I run about 5 different hosted servers, through a variety of hosting providers. In the past two months, one of the servers I work on has been down twice. Both times were unexpected and fairly long (36 hours and 4 hours). The server in question is a VPS not a shared server. Given my experience with my other servers/providers (both VPS and shared) this seems like an unacceptable amount of downtime.

  • What do you think?
  • What do you consider a reasonable amount of downtime for your servers (planned and unplanned)?
+2  A: 

You get what you pay for.

What's your SLA with your provider? Do you even have one? If there's any one factor that explains the difference in price, it's this. If you need guaranteed uptime (3 9s for example) then you'll have to pay for it. 5 9s uptime, for example, will cost you considerably more.

To answer your question: did you get an explanation as to the causes of this downtime? 36 hours is excessively long. 4 hours not necessarily (if its rare). Was it a hardware fault? If so, you can't do much about those. I once had a provider who would occasionally stuff up their config and mail would stop working until I told them to fix it. To me, that was unacceptable.

cletus
Yep, they have an SLA, it doesn't give a specific 3, 4 or 5 9s. Instead they have a refund policy to refund "5% of the monthly fee for each 30 minutes of downtime". The 36 hour problem was caused by a faulty RAID Controller. The shorter downtime was a network error.
Brian Fisher
Well at least you get something but, depending on your business, downtime can be way more damaging to your business than any refunded fees can recover. Service providers should generally always have spare hardware on hand but again, I guess you get what you pay for.
cletus
A: 

Server hardware will fail. It is only a matter of time. Rather than trying to determine what is reasonable I would ask you another question: What are all of the possible ways that your configuration could fail and are you prepared to change your setup to account for these possibilities?
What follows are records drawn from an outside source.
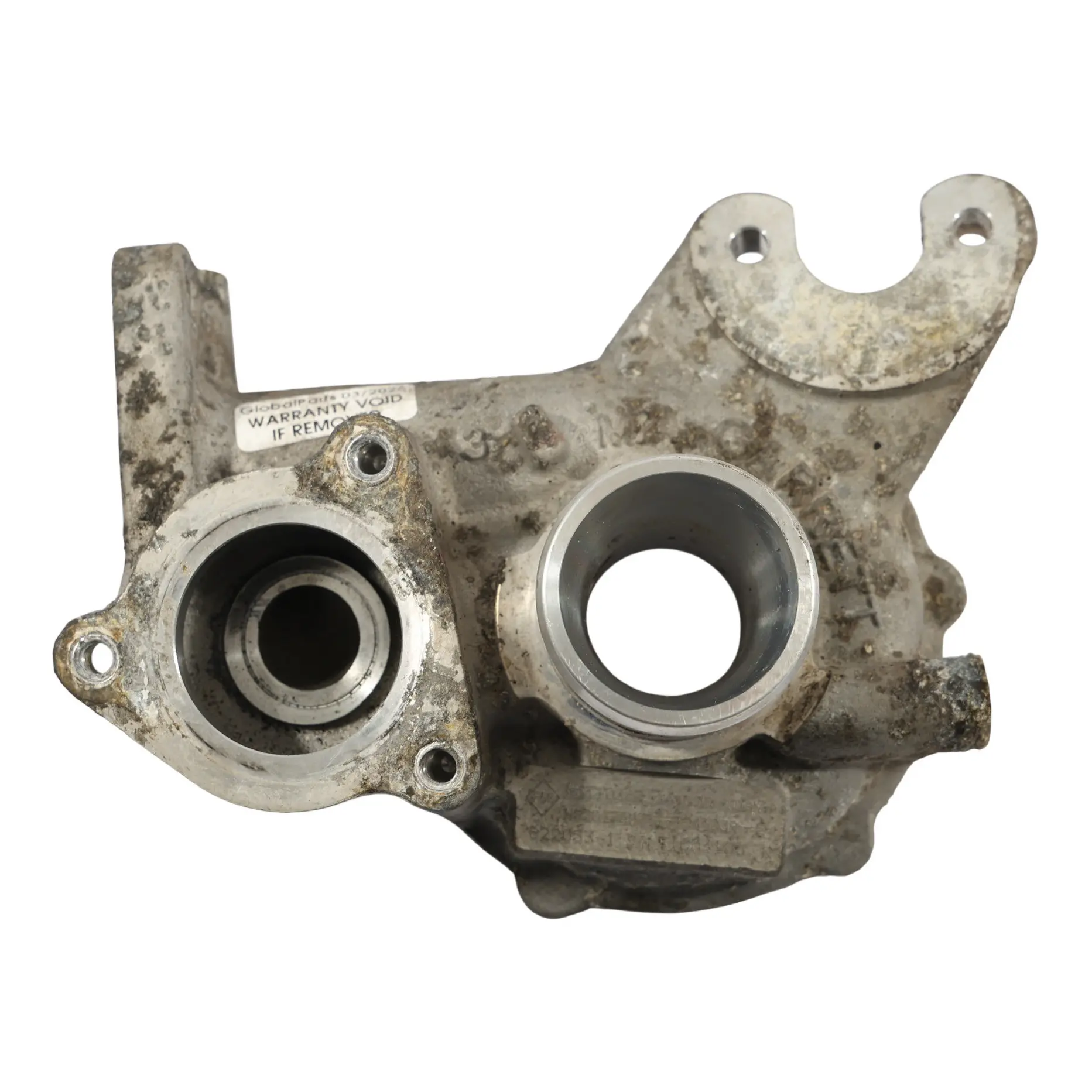 Smart Fortwo A453 Alloggiamento Turbocompressore M218 104103R A2810900380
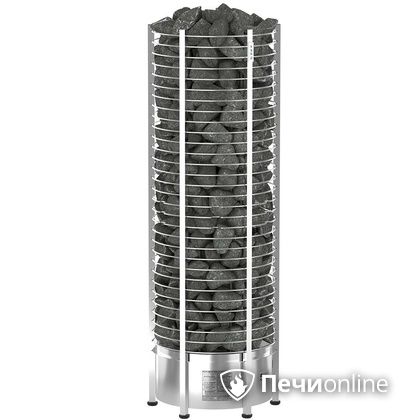 Электрическая печь Sawo Tower TH9-120NS-P (круглая) в Иркутске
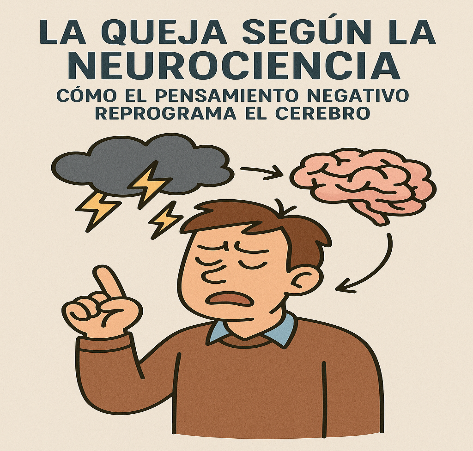 la queja segun la neurociencia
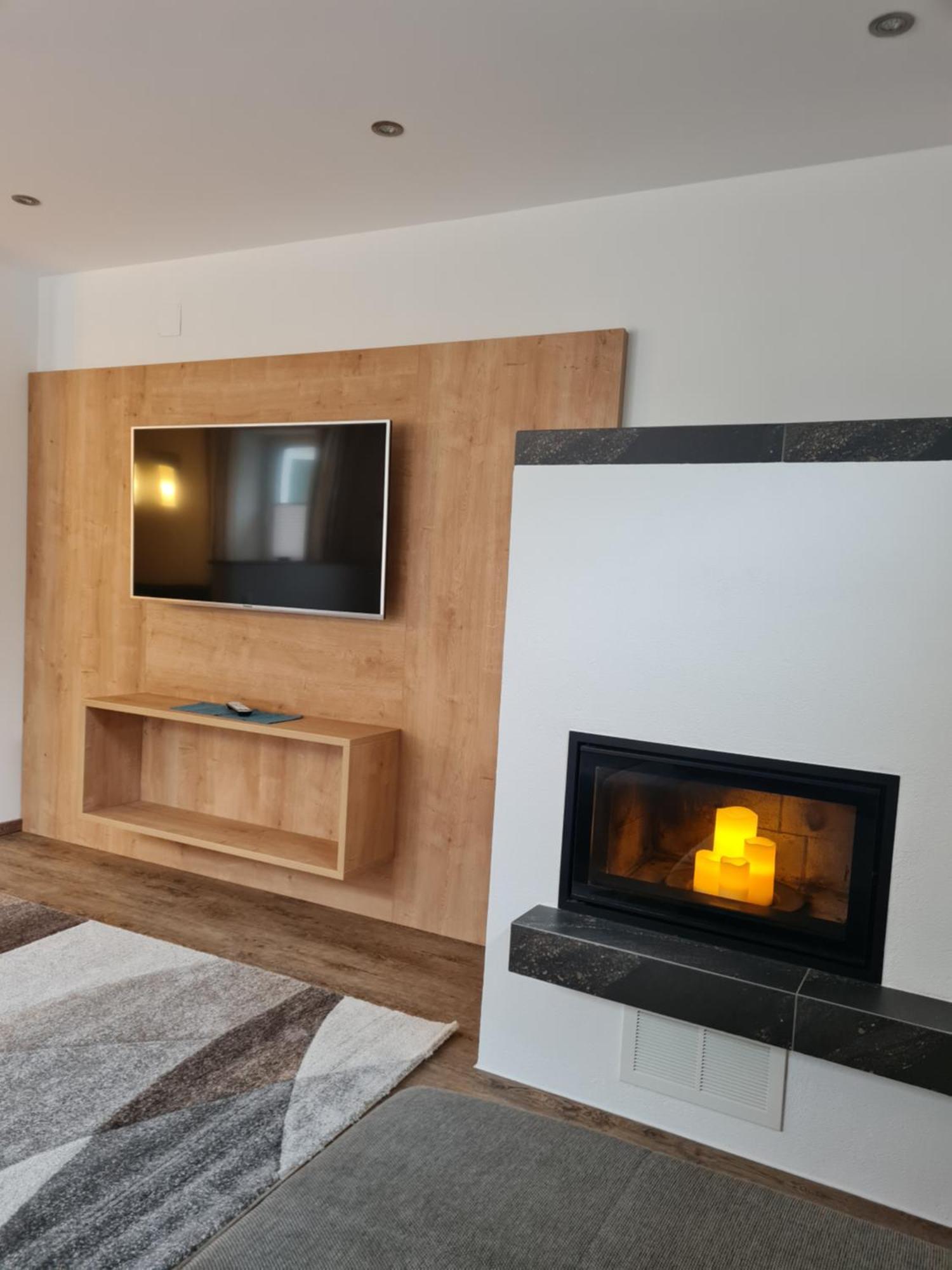 Ferienwohnung Alpenheim Tux Pokoj fotografie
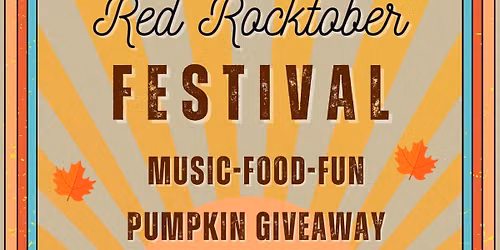 Red Rocktober Festival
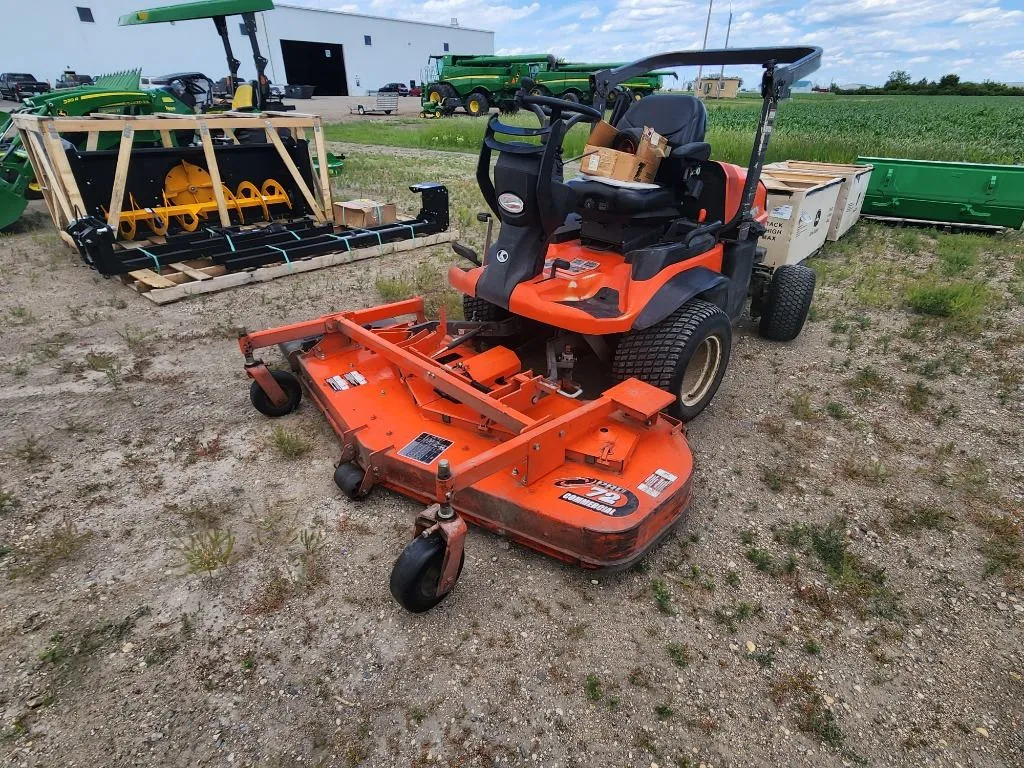 2018 Kubota F2690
For example, let's say that your website is hosted on a single VPS. A few examples of failures might be:

  1. The VPS could become corrupt
  2. The hypervisor could fail
  3. Network equipment in the cabinet could die
  4. Power/heat problems could exist in the data center
  5. Backbone internet connectivity could drop.

You could lower your risk of #1 and #2 taking down your site by deploying a load balancer and a second VPS. Is this decreased risk worth the additional expense?

This discussion turns into a matter of disaster recovery at some point.